One lung away from the presidency

Every four years, the question arises: Is America ready for a [insert reductive noun here] in the White House? 2008 promises to be an especially rich year for such speculation, with candidates that include a woman, a Mormon, a Latino, a plagiarist, a bully, a hack, a romantic (actually, two) and, perhaps most frightening of all, a … smoker.

Barack Obama would, of course, also happen to be the first black president, not counting Bill Clinton (and, since I'm not Toni Morrison, I don't). But it would take nothing from his achievement to say that, if he wins, he will have done so as a smoker. Which is why it was a little disappointing to learn that he's trying to quit.

There is no question that, for the sake of his own health and his family, he should quit. Nor is the argument that smoking is good for you, or that there is some value in having a smoker in the White House. Just ask Grover Cleveland. It is only to acknowledge that, on the scale of politicians' imperfections, smoking ranks below other personal failings, such as drinking too much or being unfaithful.

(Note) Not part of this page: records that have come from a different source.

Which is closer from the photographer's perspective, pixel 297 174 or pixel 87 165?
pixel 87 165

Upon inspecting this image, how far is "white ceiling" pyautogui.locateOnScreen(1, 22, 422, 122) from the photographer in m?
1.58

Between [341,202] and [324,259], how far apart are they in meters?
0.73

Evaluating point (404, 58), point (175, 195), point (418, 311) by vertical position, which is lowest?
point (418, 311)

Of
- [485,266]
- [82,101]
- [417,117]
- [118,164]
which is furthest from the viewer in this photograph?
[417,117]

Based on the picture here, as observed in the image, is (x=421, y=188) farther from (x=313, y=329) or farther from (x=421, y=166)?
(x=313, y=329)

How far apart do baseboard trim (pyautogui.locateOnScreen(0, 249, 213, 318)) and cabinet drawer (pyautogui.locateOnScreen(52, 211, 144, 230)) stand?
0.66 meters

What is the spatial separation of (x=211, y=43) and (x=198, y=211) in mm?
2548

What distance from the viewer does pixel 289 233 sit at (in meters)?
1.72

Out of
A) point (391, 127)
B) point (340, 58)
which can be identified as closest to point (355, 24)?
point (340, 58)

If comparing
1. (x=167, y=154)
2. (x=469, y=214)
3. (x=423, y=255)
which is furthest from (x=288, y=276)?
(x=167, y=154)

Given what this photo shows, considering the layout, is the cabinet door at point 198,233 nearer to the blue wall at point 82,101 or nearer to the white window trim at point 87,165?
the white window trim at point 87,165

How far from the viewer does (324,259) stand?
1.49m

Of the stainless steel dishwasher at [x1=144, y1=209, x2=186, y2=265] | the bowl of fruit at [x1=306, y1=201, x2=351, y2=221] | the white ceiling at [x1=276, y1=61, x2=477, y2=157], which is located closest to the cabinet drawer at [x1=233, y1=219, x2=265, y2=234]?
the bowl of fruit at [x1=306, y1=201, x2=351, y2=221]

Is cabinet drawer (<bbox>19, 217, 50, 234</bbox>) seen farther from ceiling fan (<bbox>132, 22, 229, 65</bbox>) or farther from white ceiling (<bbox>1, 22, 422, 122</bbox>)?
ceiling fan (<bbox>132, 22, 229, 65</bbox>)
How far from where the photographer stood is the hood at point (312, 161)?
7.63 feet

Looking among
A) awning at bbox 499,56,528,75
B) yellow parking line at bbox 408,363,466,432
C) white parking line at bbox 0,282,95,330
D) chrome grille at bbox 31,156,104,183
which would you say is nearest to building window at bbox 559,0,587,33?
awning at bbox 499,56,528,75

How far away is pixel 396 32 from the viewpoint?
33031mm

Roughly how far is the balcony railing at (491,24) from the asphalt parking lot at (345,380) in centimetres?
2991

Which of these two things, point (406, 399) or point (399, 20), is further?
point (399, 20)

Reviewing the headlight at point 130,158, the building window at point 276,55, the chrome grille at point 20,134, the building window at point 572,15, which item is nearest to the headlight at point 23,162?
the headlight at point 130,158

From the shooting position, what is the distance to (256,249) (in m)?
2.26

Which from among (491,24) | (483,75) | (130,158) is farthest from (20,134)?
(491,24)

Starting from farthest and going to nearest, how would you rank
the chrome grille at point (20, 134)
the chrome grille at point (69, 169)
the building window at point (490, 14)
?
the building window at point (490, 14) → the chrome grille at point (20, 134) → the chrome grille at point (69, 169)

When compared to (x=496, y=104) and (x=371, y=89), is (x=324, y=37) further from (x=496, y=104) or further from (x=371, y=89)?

Which should be obvious enough. But smoking is even—I use the word advisedly—better than that: If politicians are going to have personal failings, and they are, then isn't it better to have them in the open than sneaking around behind the building, cupping their personal failings in the palms of their hands? It's harder to hide the smell of cigarettes than it is to hide, say, $90,000 in cash.

And for Obama, who if anything is seen as too perfect, too programmed or some combination thereof—a charge his second book does little to dispel—then in smoking he has found the perfect vice. It's visible. It's unquestionably bad. No one will condemn him if he fails to control it. (Oh, some people might. But there's no pleasing them anyway.) And if he does fail, the consequences for the republic are negligible.

Obama's attempt to stop smoking, in fact, may be more problematic than his smoking. According to Jed Rose, a professor at Duke University Medical Center and an inventor of the nicotine patch, symptoms of nicotine withdrawal include "a decreased attention span and cognitive performance" as well as "difficulty concentrating and irritability." For the most part, these are not helpful qualities in politics.

Obama was in Los Angeles yesterday for a rally and fundraiser, but I didn't go to either event, so I can't report how he feels. He is reportedly chewing Nicorette, which will please Rose. And the $1-million-plus he was expected to raise last night probably helped to make him slightly less irritable.

Still, he may be trying to do too much. Wouldn't it be better to wait for the relative calm and quiet of the White House, or the comforting obscurity of the Senate, to fight his personal demons? Trying to quit smoking while running for president is a little like trying to remake the military while fighting a war.

But it's hard to find anyone who doesn't want Obama to quit. Not even David Sutton, a spokesman for Philip Morris USA, the nation's largest tobacco company, is willing to say that he'd like to see a smoker in the White House. "I couldn't comment about that," he said. He was more interested in talking about QuitAssist, the company's program to help smokers quit. "It's part of our ongoing efforts to reduce the harm our products cause," he said, in the kind of spontaneous admission that can only be the result of decades of litigation.

So I sent the Obama campaign the 48-page QuitAssist brochure. Don't want to be accused of not doing my part. But if he asked me, I'd give him a light. Of Obama's two current campaigns—changing his habits and "changing our politics"—I'm more interested in the latter.

Michael Newman is the deputy editorial page editor of the Los Angeles Times.